Have you drawn a picture? Draw x and y coordinate axes. x must lie between x= a and x= b on the x-axis so draw two vertical lines there. y must lie between y= a and y= x. Draw those lines. What figure does that give? That's the region you are integrating over and "dydx" is the "differential of area".

## The Attempt at a Solution

$$\int_a^b\,dx\,{(x-a)}$$ but then I won’t get 1/2 (ab)… (don't get the first brackets in latex between the two x)
What did you do so that you "won't get 1/2(ab)", wave a magic wand? Show what you did. What is the integral of (x- a) dx from a to b?

Now, what makes you think the area of the triangle should be (1/2)(ab)? Look at the picture you drew above. What are the "height" and "base"?

EngageEngage
if you draw out a picture you will see that you will get a triangle but its area will NOT be 1/2(ab). if you compute the integral you will find a familiar formula that is slightly different from what you have (you will have to play around with it to get it into form.)

Homework Helper
If you do the integral $\int_a^b (x-a)dx$ by "substituting" u= x- a, you will get exactly the same as that "familiar formula"!

Icosahedron
Thank you! Have been staring at this for like two hours, now after your help it is crystal clear.

Icosahedron
Wait! Nothing is crystal clear.

So I draw two vertical lines on the x-axis at a and b. Then on the y-axis an horizontal line at a and 45 degree line for x=y. That gives a beautiful triangle that has area of 1/2(b-a)^2.

But when I do the integral, I get 1/2(b-a)^2 - (b-a)a.

?

Nick89
If you do the integral correctly you should also end up with 1/2(b-a)^2. You probably made a mistake somewhere!
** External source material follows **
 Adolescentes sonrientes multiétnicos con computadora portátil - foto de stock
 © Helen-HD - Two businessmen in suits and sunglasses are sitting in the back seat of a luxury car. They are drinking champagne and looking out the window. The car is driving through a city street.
$$\int_a^b dx \, \int_a^x dy = \int_a^b dx (x-a) = \left[ \frac{1}{2}x^2 - ax \right]_a^b = ...$$

If you don't make any mistakes you will end up with:
$$\frac{1}{2}a^2 - ab + \frac{1}{2}b^2$$

which you should recognize as:
$$\frac{1}{2} (b - a)^2$$

Icosahedron
Idiotic is I am, for some reason I plugged b-a in 1/2 x^2, not b and a each and substract them. Some while ago that I calculated definite integrals.

thanks Nick, HallsofIvy, EngageEngage